ELÇİ: SİLAH, ÇATIŞMA OPERASYON İSTEMİYORUZ
Sur'daki öz yönetim ilanından sonra Türk devletine bağlı çeteler ve polislerin saldırılarından kaynaklı tarihi Dört Ayaklı Minare'nin ayakları hasar gördü. Tahir Elçi ve beraberindeki meslektaşları 28 Kasım 2015 günü, saat 10.50 sularında tarihi yapının gördüğü hasara ilişkin bir basın açıklaması yaptı. Elçi, açıklamasında özellikle şunları vurguluyordu: “Biz bu tarihi bölgede birçok medeniyete beşiklik etmiş, ev sahipliği yapmış bu kadim bölgede, insanlığın bu ortak mekanında silah, çatışma, operasyon istemiyoruz. Savaşlar, çatışmalar, silahlar, operasyonlar bu alandan uzak olsun diyoruz. Bu amaçla bugün Diyarbakır Barosu üyesi arkadaşlarımla ve Diyarbakırlılarla birlikte buradayız.”
YÜZ BİNLERİN OMZUNDA UĞURLANDI
Açıklama bittikten kısa bir süre sonra silah sesleri duyuldu. Sonradan YPS üyeleri oldukları anlaşılan iki kişi, Elçi'nin ve arkadaşlarının bulunduğu sokağa koşar adımlarla girdi. Saat 10.53'te Amed Baro Başkanı Tahir Elçi, ensesine isabet eden bir kurşunla Dört Ayaklı Minare'nin altında katledildi. 29 Kasım 2015 günü, yüz binlerin katılımı ile Elçi için Amed'de bulunan Koşuyolu Parkı'nda cenaze töreni düzenlendi. Törenin ardından Elçi, Yeniköy Mezarlığı'na defnedildi.
PLANLI SUİKAST
Söz konusu YPS'lilerden Uğur Yakışır, aylar sonra Medya Savunma Alanları'ndan yaptığı açıklamada, Elçi'nin o gün orada açıklama yaptığından bilgilerinin olmadığını, kendilerinin esasında bir alt sokaktan Sur'a girmek istediklerini, ancak bindikleri taksinin sürücüsünün onları bilinçli olarak oyaladığını ve daha sonra bu sürücünün polis olduğunu anladıklarından dolayı Dört Ayaklı Minare'nin bulunduğu sokağın başında alelacele indiklerini söylüyordu. Yakışır'ın ifadeleriyle birlikte Elçi'nin Ahmet Hakan'ın programından sonra mütemadiyen sanal medya ve telefonuna gelen özel mesajlarda ölümle tehdit edildiği de göz önünde bulundurulduğunda, suikastın planlı ve programlı olduğu anlaşılıyordu.

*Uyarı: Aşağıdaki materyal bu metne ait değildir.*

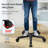Utility Cart with Wheels Storage Cart with Tray Height Adjustable Salon Tray Cart-87637361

5 YIL SONRA HAZIRLANAN İDDİANAME
Elçi, katledildikten yaklaşık 5 yıl sonra, 3 Nisan 2020 tarihinde dosyasının iddianamesi kabul edildi. 21 Ekim 2020'de ise dosyanın ilk duruşması görüldü. Salgın koşullarından dolayı katılımın sınırlı tutulduğu duruşmada, mahkeme heyetinde normalde bir savcı olması gerekirken, Diyarbakır Cumhuriyet Başsavcılığı bu dosyanın duruşmaları için 3 savcı görevlendirdi.
Söz konusu ilk duruşmada sanık polislerden 3'ü, farklı kentlerden Ses ve Görüntü Bilişim Sistemi (SEGBİS) aracılığıyla katılım sağladı.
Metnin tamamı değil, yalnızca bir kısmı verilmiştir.